"Quand le grand-père s'est tourné vers Tom et moi, tout mon désespoir s'est envolé. Le visage rougeoyant, il s'est penché sur moi avec ses petits yeux rieurs jusqu'à ce que son ventre presse ma poitrine. Soudain j'étais à l'abri de la tempête, protégé par son corps qui barrait le vent. Son pardessus sentait le feu de bois et il avait la moustache gelée. Il a tendu ses mains noueuses et je lui ai donné mon petit frère. La neige virevoltant autour de nous, il a pris le petit paquet, dégagé tendrement le bout de châle couvrant le visage de Tom et lui a caressé les cheveux. La joie battait à me faire mal dans ma poitrine".
Au vu de la couverture, je me faisais une idée assez bucolique de ce roman, une vie de rêve au fin fond de la nature suédoise. Bon, laissons cela de côté, nous sommes loin du rêve et l'histoire est plutôt sombre.
Elle est racontée par Eder (Ed) avec l'inévitable construction par époques. D'abord les années 30, puis 1950, et enfin 2024 où Ed est devenu un vieil homme que la mémoire fuit. Il ne lui reste plus que quelques bribes de sa vie qui lui permettent de balayer une existence de presque 90 ans.
Au début de l'histoire, Ed a quatre ans et son petit frère Tom vient de naître. Leur mère Bénédikte, n'arrive pas à s'en sortir seule. Elle ne trouve plus de travail, donc plus de logement et n'a d'autre solution que de se vendre pour nourrir les enfants.

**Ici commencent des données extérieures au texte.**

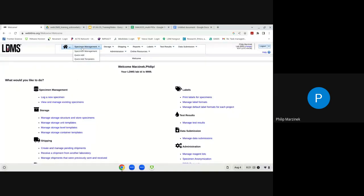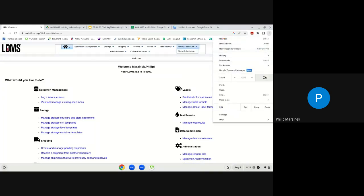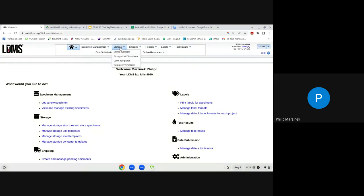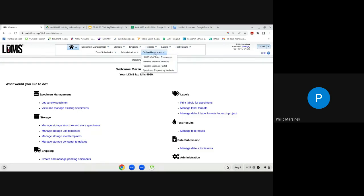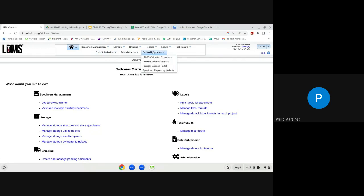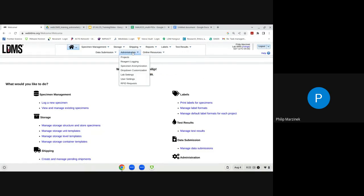Another feature is our navigation pane at the top of the screen. This contains all the different modules: Specimen Management, Storage, Shipping, Reports, Labels, Test Results, Online Resources, Administration, and Data Submission. Online Resources has embedded links for validation resources, the Frontier Science website and portal, and the specimen repository website.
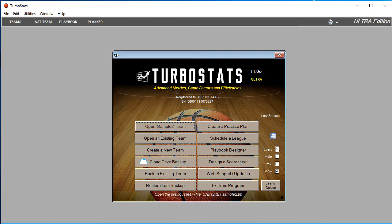This video will demonstrate how to score a live game with TurboStats' new Evolution for Basketball.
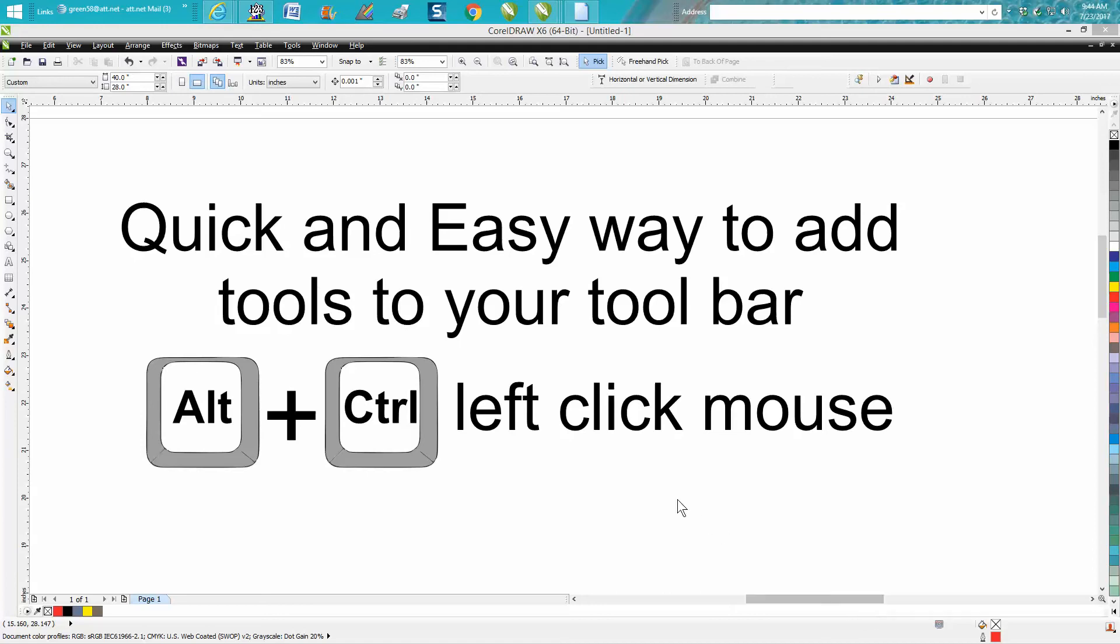Hi, it's me again with CorelDRAW tips and tricks. I thought I'd show you a quick and easy way to add tools to your toolbar.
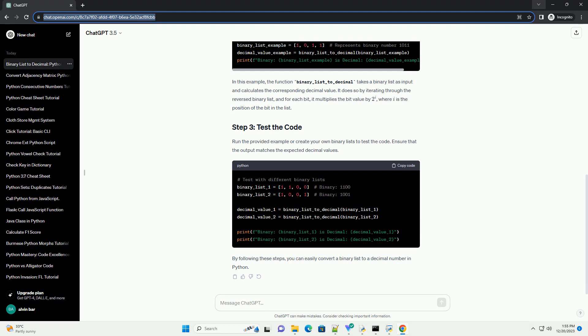In this example, the function binary_list_to_decimal takes a binary list as input and calculates the corresponding decimal value. It does so by iterating through the reversed binary list, and for each bit, it multiplies the bit value by 2^i, where i is the position of the bit in the list.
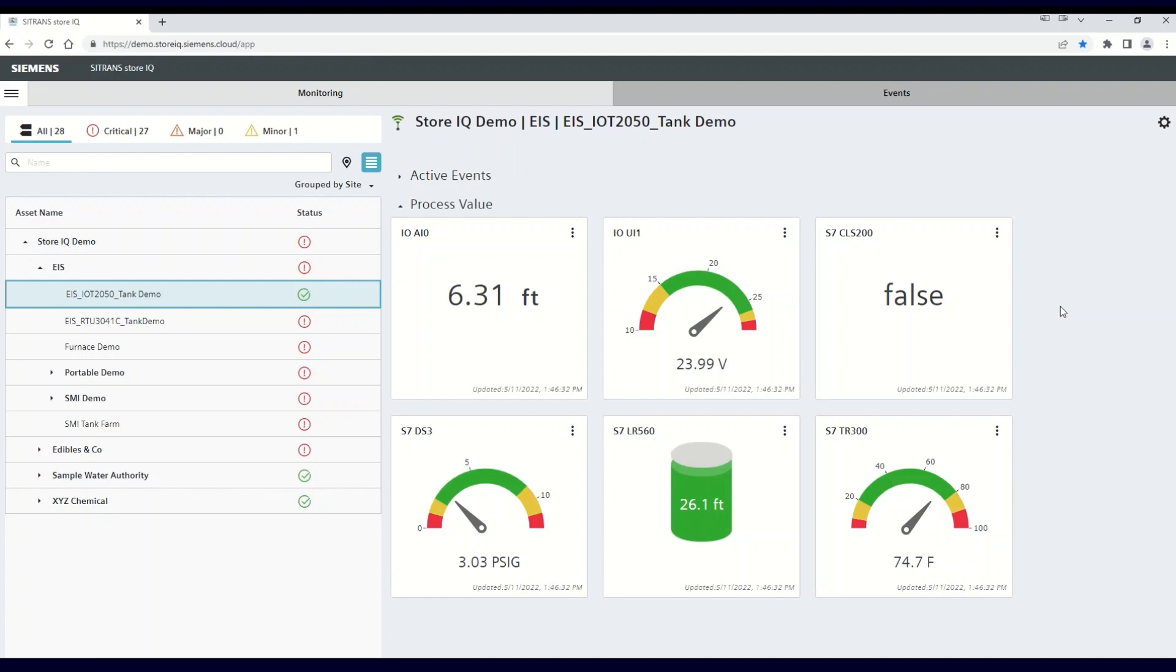I hope this how-to on customizing your visualizations has been informational. Please take the time to look at the other topics surrounding the Citroën StoreIQ monitoring app, and how to utilize and customize all of the available features.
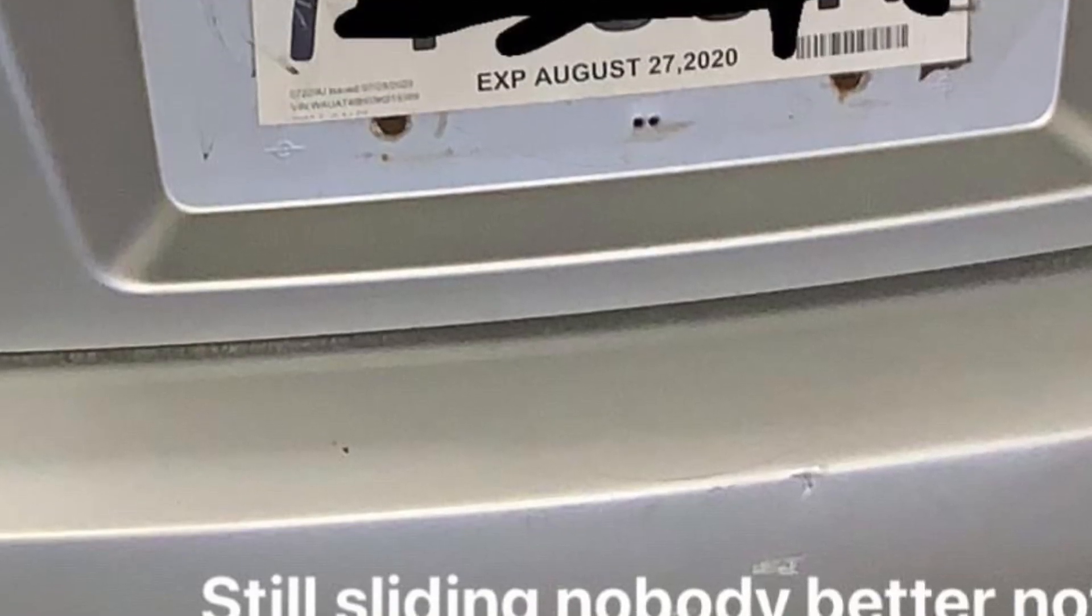Like I said, I checked with Jersey DMV. Your tag, even though it says expired August 17th, 2020, whatever, they said it's valid till actually tomorrow. All right. So that was the reason for the car stop and this is why you're not getting a ticket. All right, sir? Well, I'd say, please. Thank you.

Elle est contrainte de faire ce qu'elle avait juré de ne jamais faire : retourner d'où sa mère et elle sont venues et demander l'hospitalité à son grand-père qui vit dans les forêts du Hälsingland.

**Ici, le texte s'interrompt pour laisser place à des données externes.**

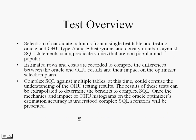This is the test overview. Selection of candidate columns from a single test table and testing Oracle and OHU Type A and E histograms and density numbers against SQL statements using predicate values that are non-popular and popular. Estimated rows and costs are recorded to compare the differences between the Oracle and OHU results and their impact on the optimizer selection plans. Complex SQL scenarios will be presented in another demonstration.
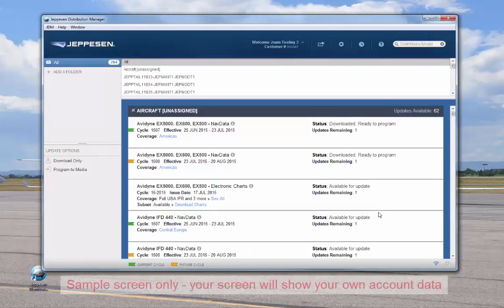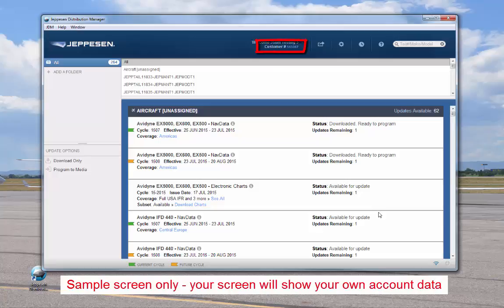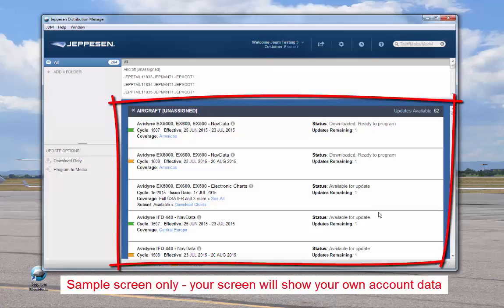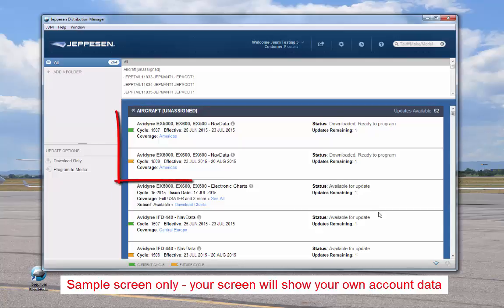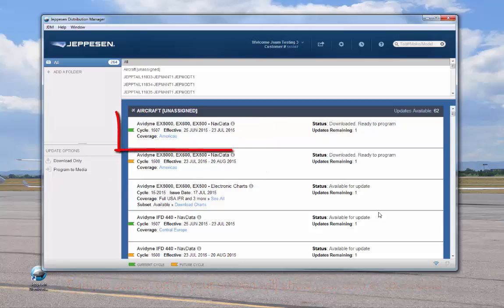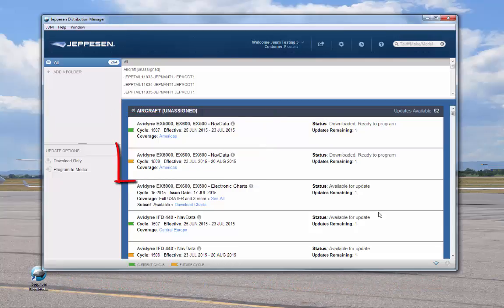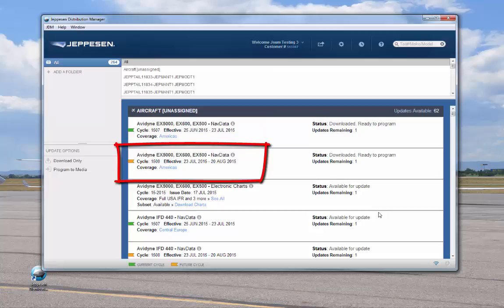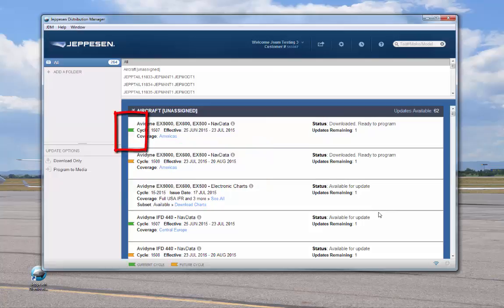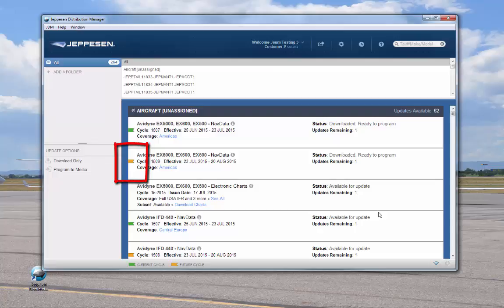Your Jeppesen customer number appears at the top of the screen. Your data subscriptions appear in the services area of the screen. Depending on the time of month, JDM may display a service twice. The current service displays until its expiration date. An upcoming cycle will be displayed when it's available for download. When an upcoming cycle is available, the current cycle is marked with a green flag and the future cycle is marked with an orange flag.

Les enfants passent d'une existence sordide à une vie simple auprès du grand-père, Heimer, qui leur apprend un tas de choses. Ils découvrent la forêt, un lac, mille et une astuces pour s'en sortir avec peu de moyens. Le grand-père est solide et veille sur eux. Ils mangent à leur faim. Heureusement puisque leur mère est totalement absente, repliée sur ses échecs qu'elle noie dans la bouteille.
Un des meilleurs aspects du roman est l'amour d'Eder pour son petit frère. Il est là pour le protéger, lui éviter les pires moments. Nous comprenons assez vite qu'il porte une culpabilité énorme pour ne pas avoir réussi, sans savoir pourquoi.

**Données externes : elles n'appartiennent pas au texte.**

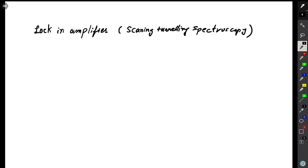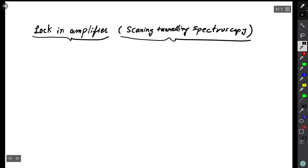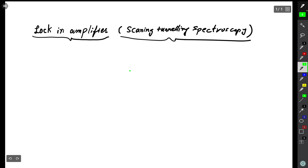Today we will discuss lock-in amplifiers and we will see how we can use this device in scanning tunneling spectroscopy. To understand why we need this, we need to understand what scanning tunneling spectroscopy is. Let me make a simple diagram of an STM.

On comprend aussi que l'ambiance est lourde avec les voisins d'à côté, les Torsåker. Il y a la grand-mère, le fils Jon, le petit-fils "Petit-Lennard". Il s'est passé quelque chose qui empêchait Benedikte de revenir, mais il faudra attendre presque 500 pages pour savoir quoi.
Je suis partagée sur cette lecture. Hormis le passage où le grand-père s'occupe d'eux, les deux garçons sont victimes d'épreuves qui fendent le coeur, les souffrances s'accumulent, insupportables. Ils se débrouillent presque seuls et leur fidélité à leur mère est touchante vu son désintérêt à elle, toujours ivre.
L'autrice nous fait miroiter des secrets qui n'en finissent pas d'arriver, c'est long, la narration tourne en rond. Je ne me suis pas ennuyée, c'est bien écrit, les personnages attachants, mais je me suis souvent dit "on avance quand ?".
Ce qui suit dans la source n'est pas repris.